Cheezie believes the decision was based primarily on money.

“It’s too bad issues like this need to be decided based on economics, and not on doing something to save our planet for future children and future generations,” he said.

In July, The Narwhal reported the predicted economic benefits of the project were based on oil prices not seen since 2014. Projections pegged the price of oil at US$95 per barrel – but, in December 2019, Teck told investors oil prices were expected to stay in the US$60 to US$70 range for decades.

At 260,000 barrels of oil a day and prices of US$95 per barrel, Teck had originally predicted up to $70 billion in income for various levels of government.

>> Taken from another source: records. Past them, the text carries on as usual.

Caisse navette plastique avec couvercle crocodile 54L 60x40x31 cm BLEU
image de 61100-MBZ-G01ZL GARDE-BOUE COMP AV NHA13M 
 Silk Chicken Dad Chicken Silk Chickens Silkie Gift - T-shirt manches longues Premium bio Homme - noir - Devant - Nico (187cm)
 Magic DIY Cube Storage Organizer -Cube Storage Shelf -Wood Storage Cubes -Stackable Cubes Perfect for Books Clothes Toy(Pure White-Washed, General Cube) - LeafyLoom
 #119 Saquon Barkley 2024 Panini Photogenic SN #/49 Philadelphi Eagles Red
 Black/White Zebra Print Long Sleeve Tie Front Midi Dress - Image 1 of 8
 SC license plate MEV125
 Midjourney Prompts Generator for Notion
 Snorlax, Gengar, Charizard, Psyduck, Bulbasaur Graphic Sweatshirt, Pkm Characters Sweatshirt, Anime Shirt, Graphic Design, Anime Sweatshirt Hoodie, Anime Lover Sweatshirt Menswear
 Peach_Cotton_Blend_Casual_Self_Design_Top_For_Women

The Frontier project was also expected to create 7,000 jobs during the mine’s construction phase and another 2,500 operational jobs over the mine’s anticipated 41-year life.

A news release from the company stated Teck would write down the $1.13-billion carrying value of the project.

‘Premier and cabinet acted irresponsibl’

Meanwhile, Cheezie said he would go ahead with a planned demonstration in front of the NWT’s Legislative Assembly at noon on Tuesday.

“We believe the premier and cabinet acted irresponsibly in regards to how they dealt with the issue, the health of our people and the health of the Mackenzie River Basin,” he said.

“It’s still an issue that needs to be addressed by the people that voted them in.”

On Saturday afternoon, at an event about the Teck mine held at Yellowknife’s Sir John Franklin High School, Cheezie had accused the territorial government of “sitting on the side of the provincial government” instead of standing up for the people and water of the NWT.